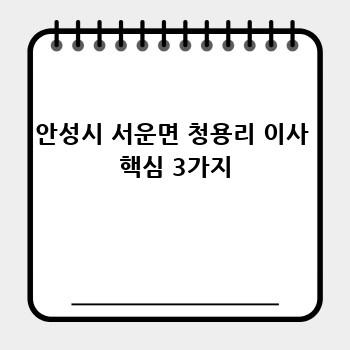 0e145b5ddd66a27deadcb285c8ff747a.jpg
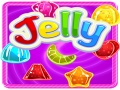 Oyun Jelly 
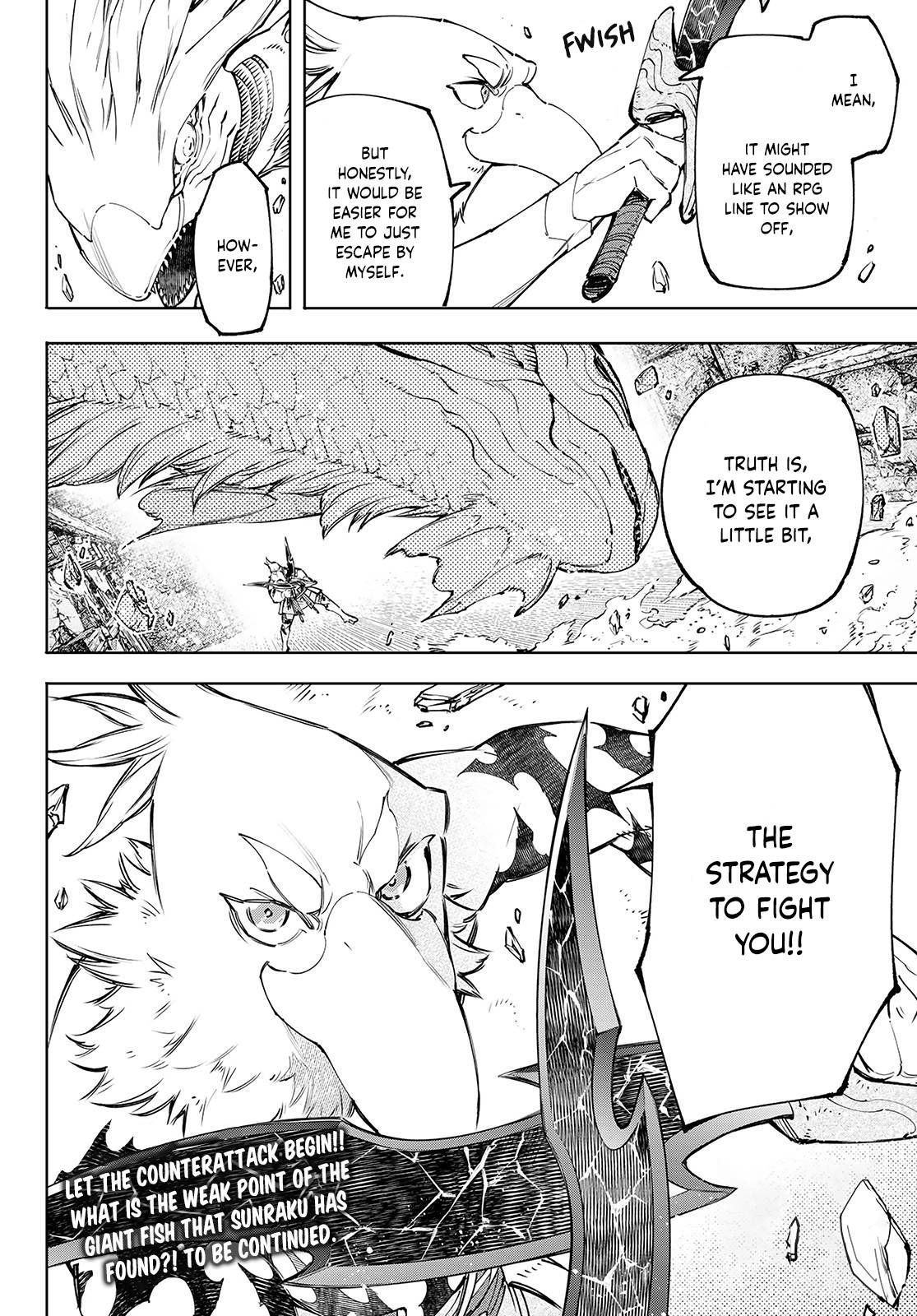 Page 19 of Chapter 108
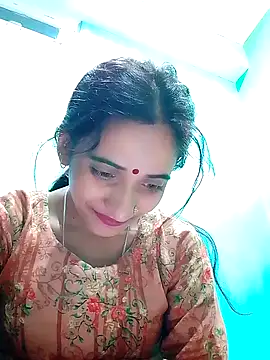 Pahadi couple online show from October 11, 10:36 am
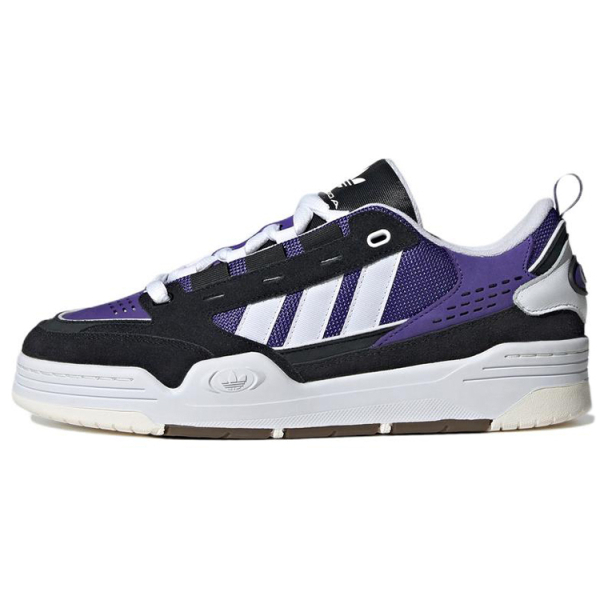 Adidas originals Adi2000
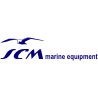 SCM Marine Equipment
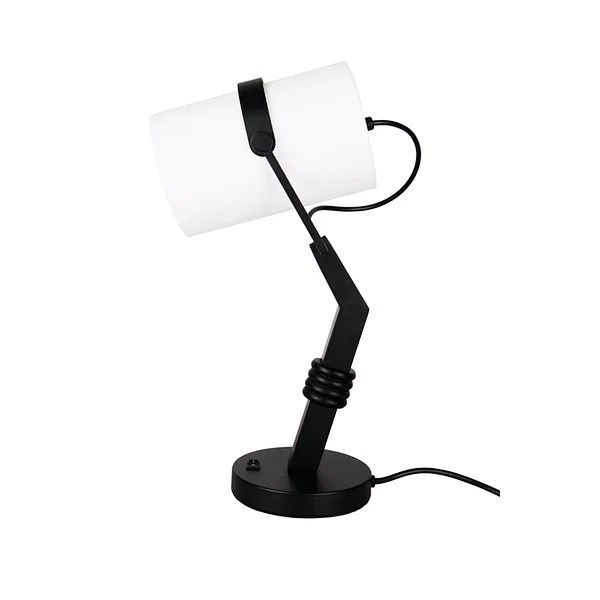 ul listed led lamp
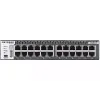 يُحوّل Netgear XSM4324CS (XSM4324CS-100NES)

==

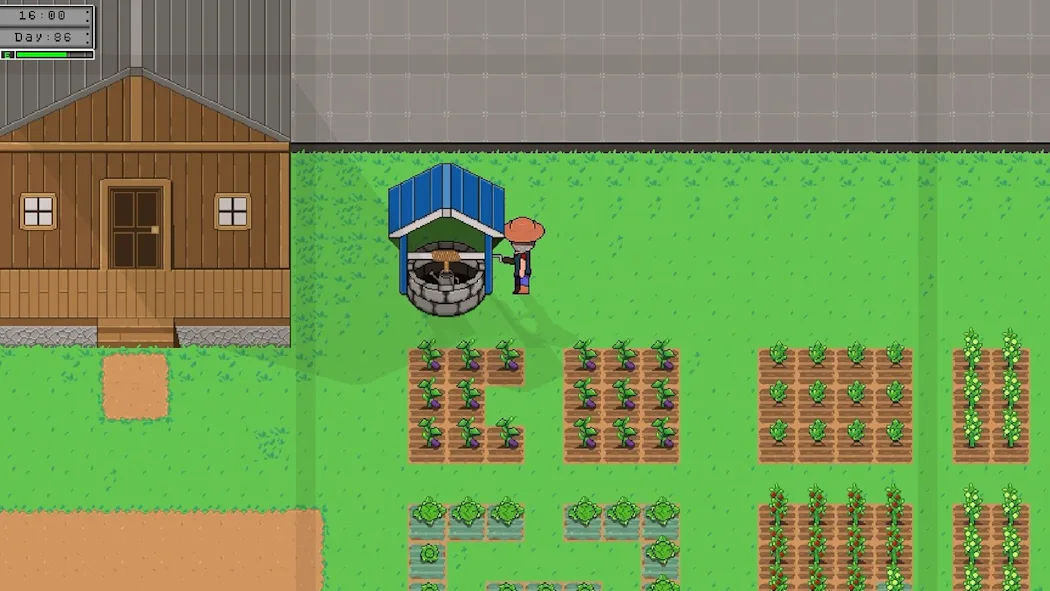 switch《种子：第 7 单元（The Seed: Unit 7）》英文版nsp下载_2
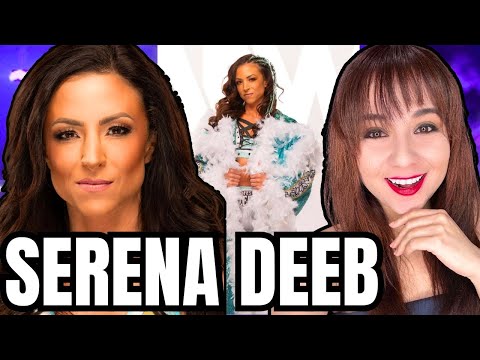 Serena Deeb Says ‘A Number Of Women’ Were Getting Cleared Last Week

...

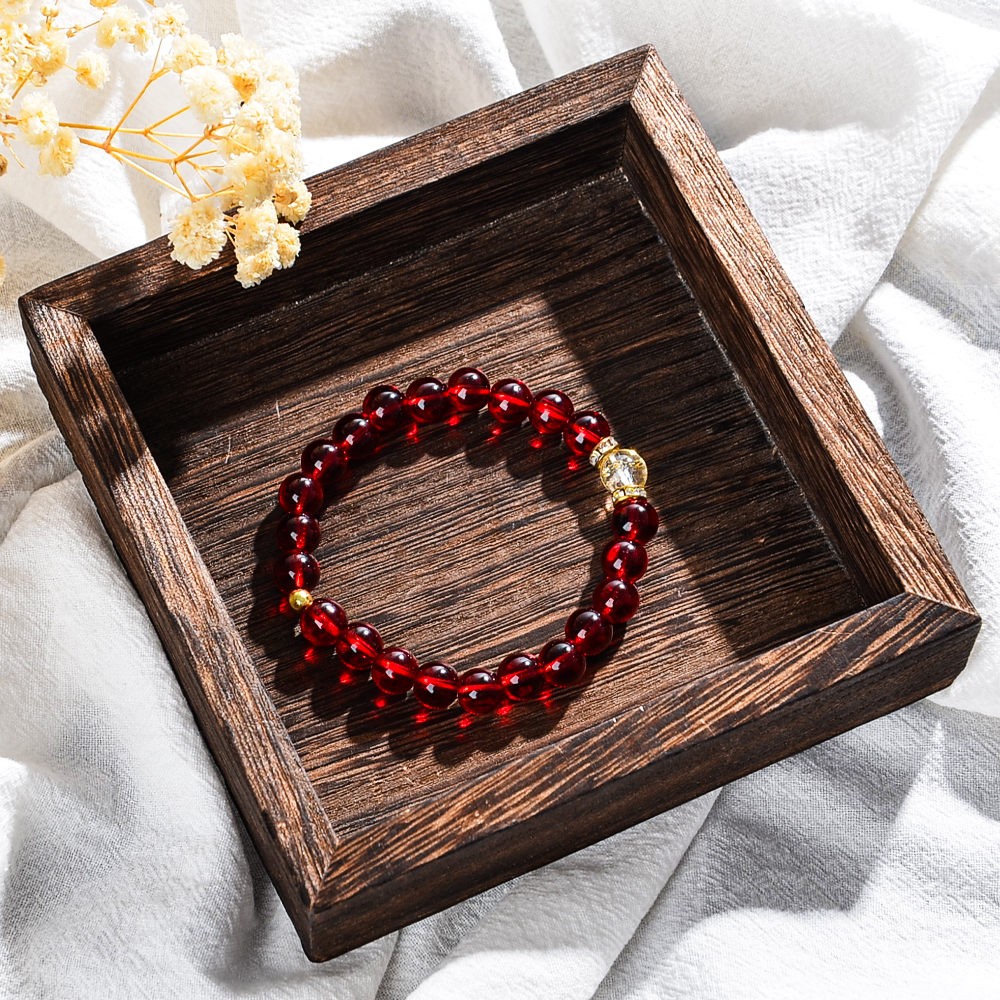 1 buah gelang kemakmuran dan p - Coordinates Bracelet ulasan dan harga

DIRECTIONS:
For this exercise, please set down exactly the lines of the listing above from the line with "0e145b5ddd66a27deadcb285c8ff747a.jpg" up to and including the line with "يُحوّل Netgear XSM4324CS (XSM4324CS-100NES)", and no pictures.

EXERCISE OUTPUT:
 0e145b5ddd66a27deadcb285c8ff747a.jpg
 Oyun Jelly 
 Page 19 of Chapter 108
 Pahadi couple online show from October 11, 10:36 am
 Adidas originals Adi2000
 SCM Marine Equipment
 ul listed led lamp
 يُحوّل Netgear XSM4324CS (XSM4324CS-100NES)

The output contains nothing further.